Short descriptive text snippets
________
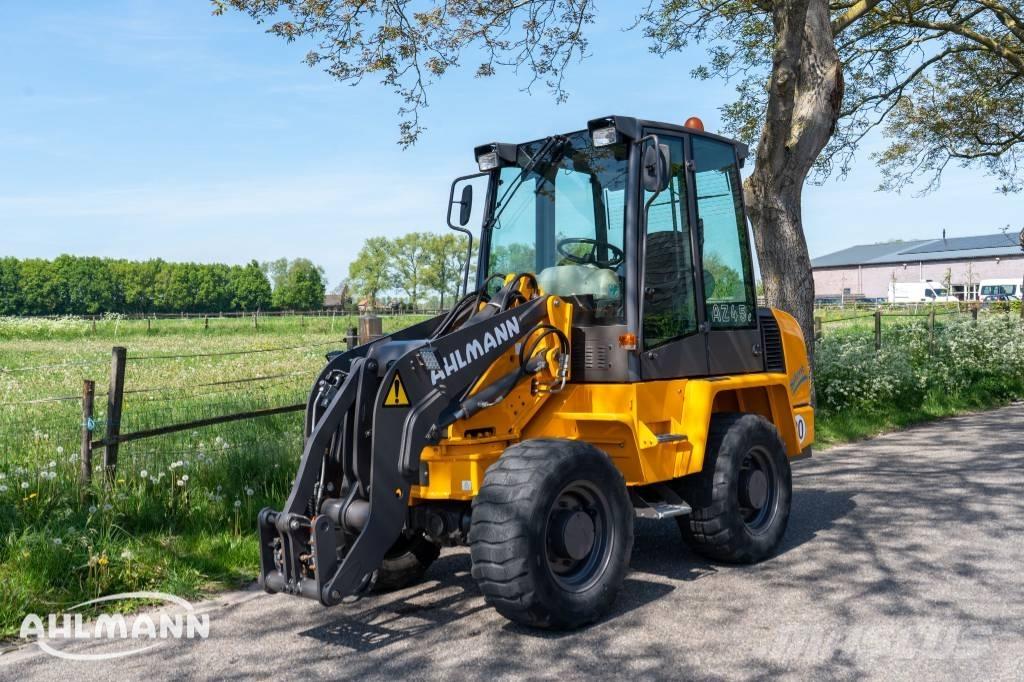 Ahlmann AZ 45e Wielladers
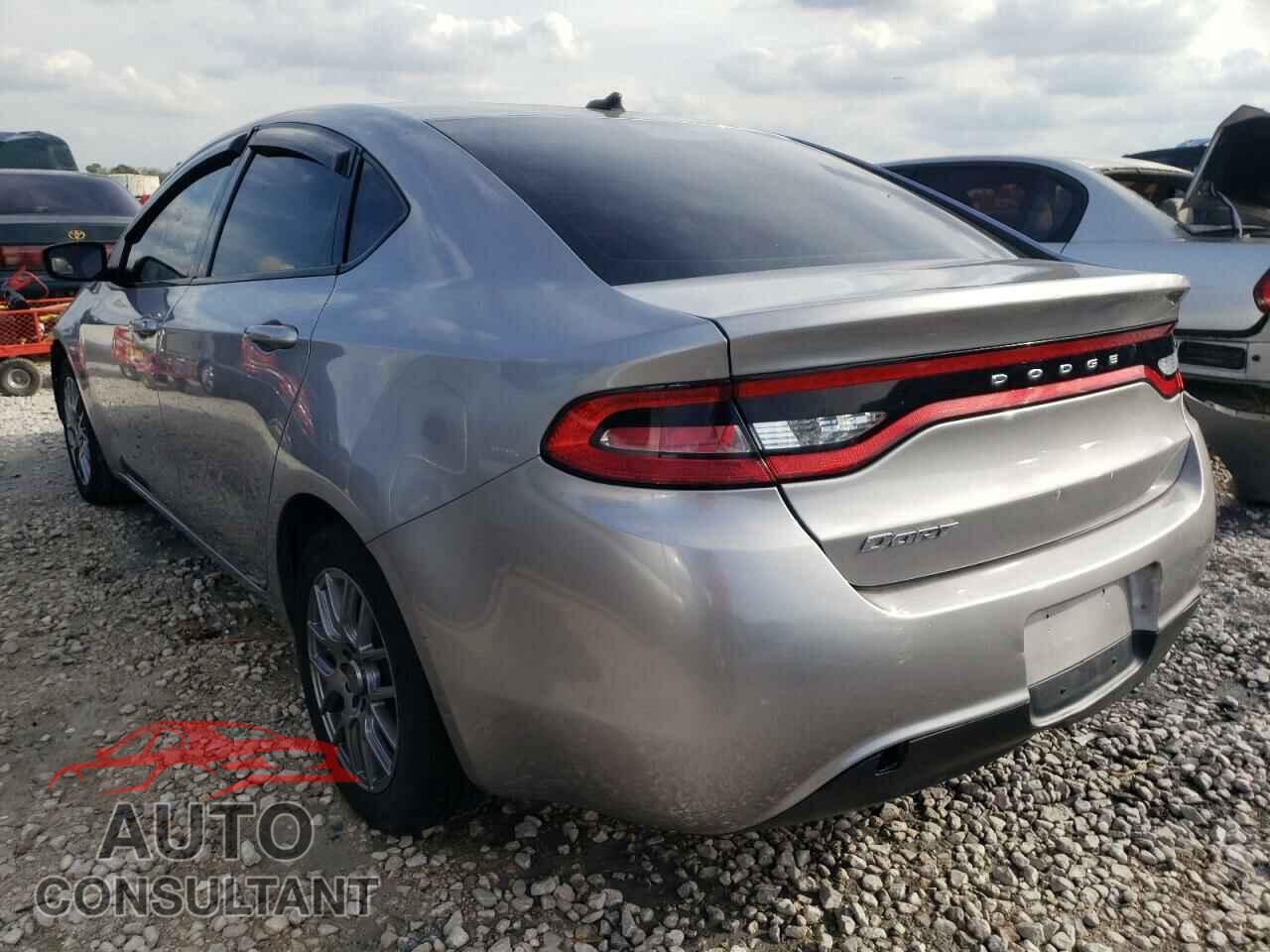 DODGE DART 2016 - 1C3CDFAA3GD689986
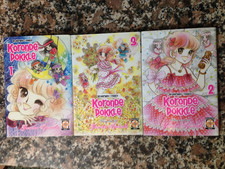 KORONDE POKKLE 1/3 Completa - Yumiko Igarashi candy candy RARO GOEN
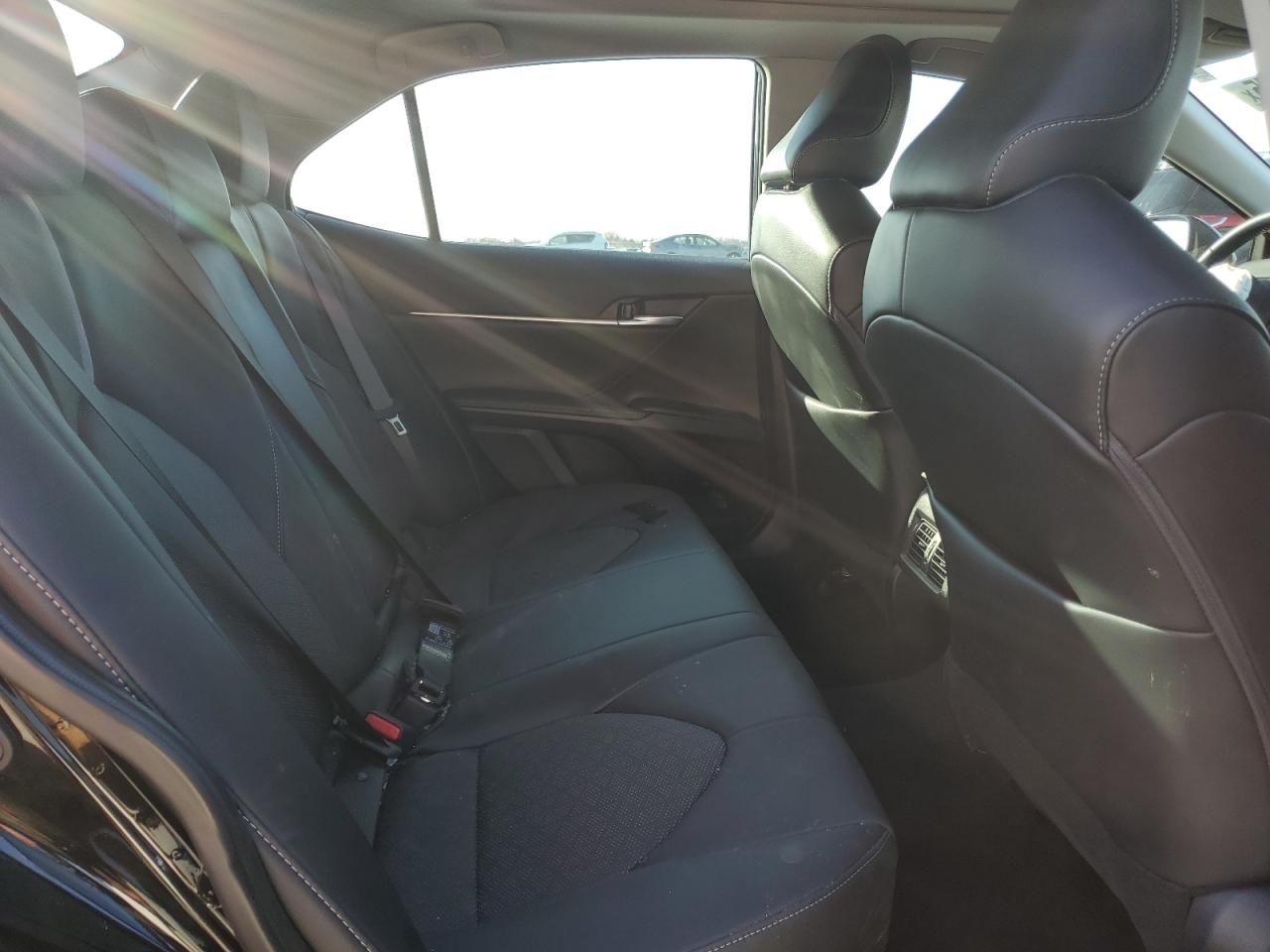 2023 TOYOTA CAMRY TRD VIN:4T1KZ1AK4PU078333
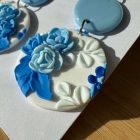 Dupla kör -  kék virágos kert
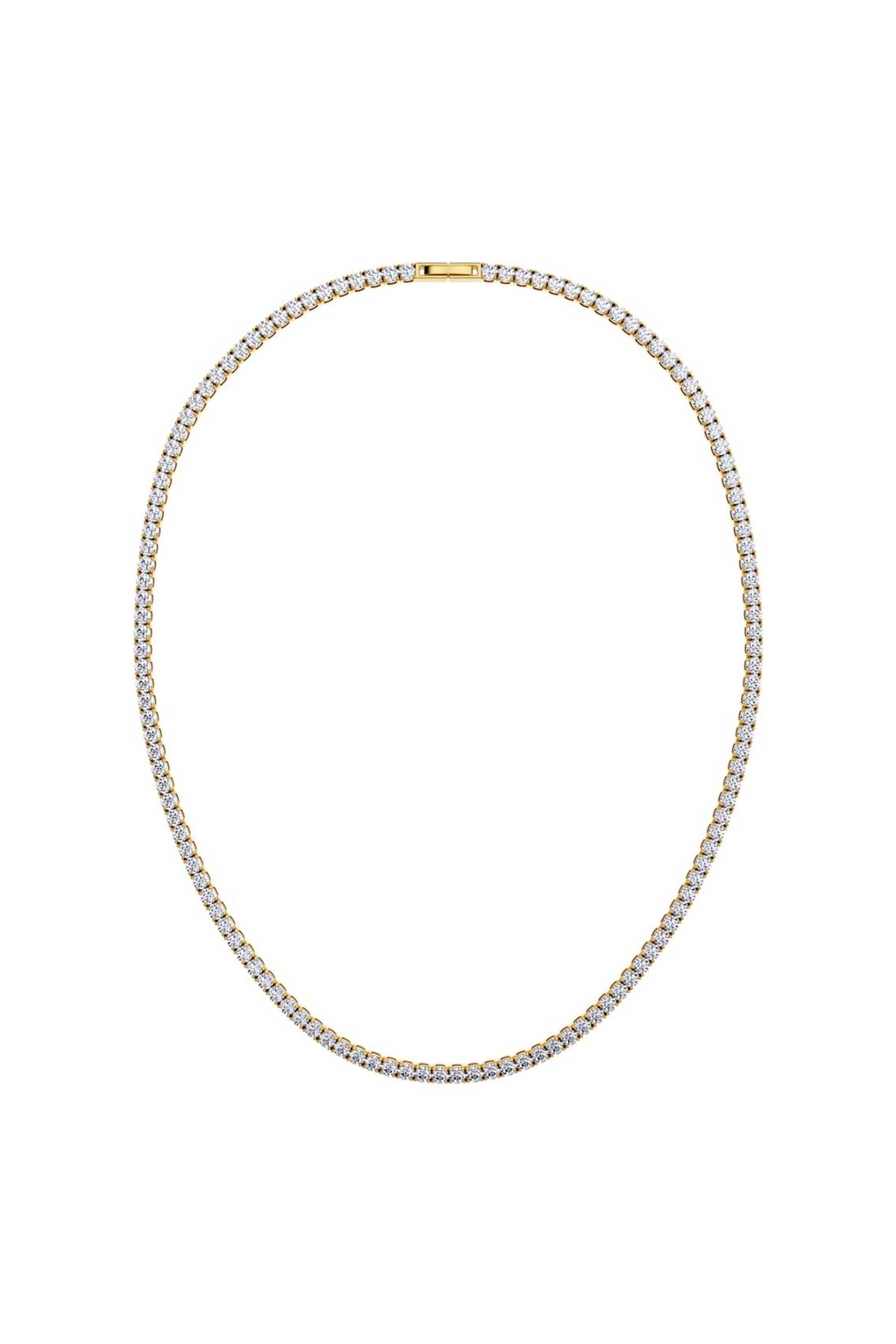 EDBLAD γυναικείο κολιέ "Tennis Necklace Gold" - 127935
________
## Instructions for the task
Only the lines from the one containing "kék virágos kert" through the end of the data above are to be output, exactly and without pictures.

## Exercise solution
 Dupla kör -  kék virágos kert
 EDBLAD γυναικείο κολιέ "Tennis Necklace Gold" - 127935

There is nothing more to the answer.